Copy the data that follows exactly, and include none of its images.

Recorded data.

——

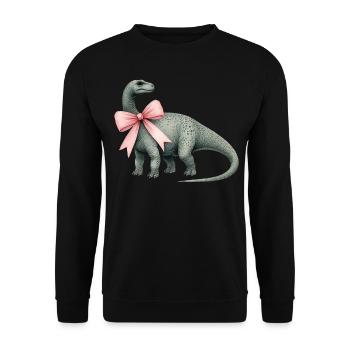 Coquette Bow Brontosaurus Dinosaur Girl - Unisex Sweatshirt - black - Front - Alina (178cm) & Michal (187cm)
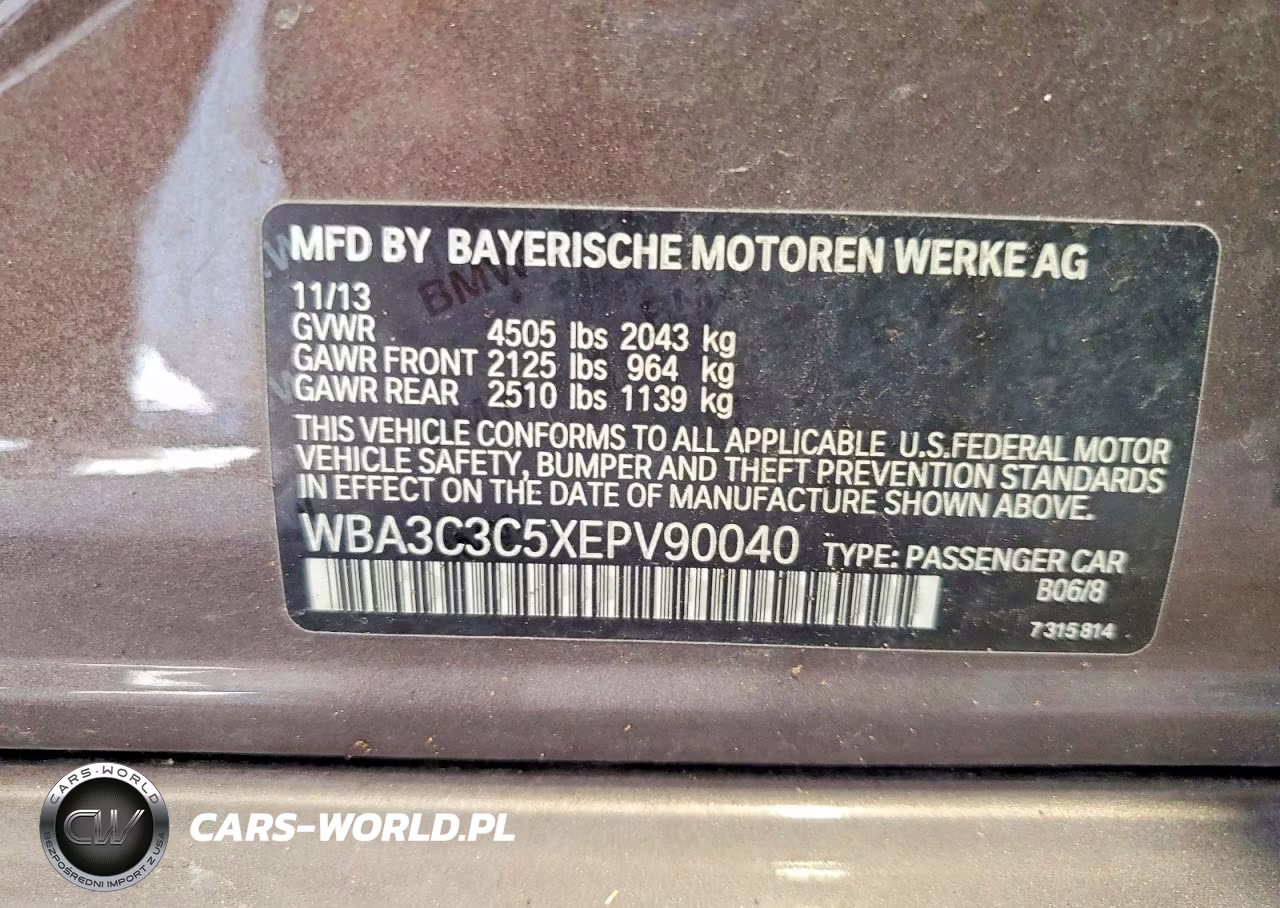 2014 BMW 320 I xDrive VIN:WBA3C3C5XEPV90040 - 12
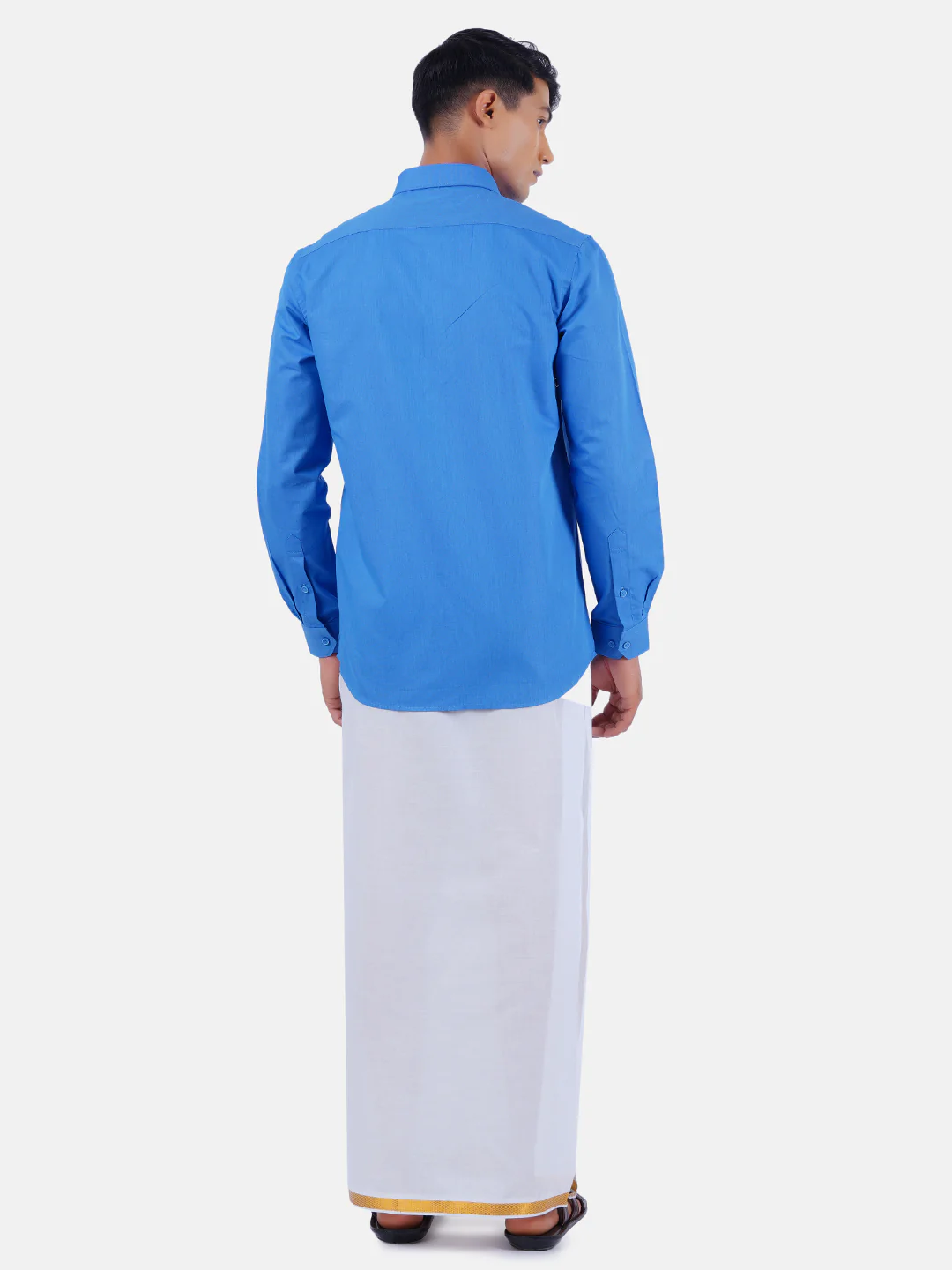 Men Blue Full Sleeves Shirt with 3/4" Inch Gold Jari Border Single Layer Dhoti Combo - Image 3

——

Your solution.
 Coquette Bow Brontosaurus Dinosaur Girl - Unisex Sweatshirt - black - Front - Alina (178cm) & Michal (187cm)
 2014 BMW 320 I xDrive VIN:WBA3C3C5XEPV90040 - 12
 Men Blue Full Sleeves Shirt with 3/4" Inch Gold Jari Border Single Layer Dhoti Combo - Image 3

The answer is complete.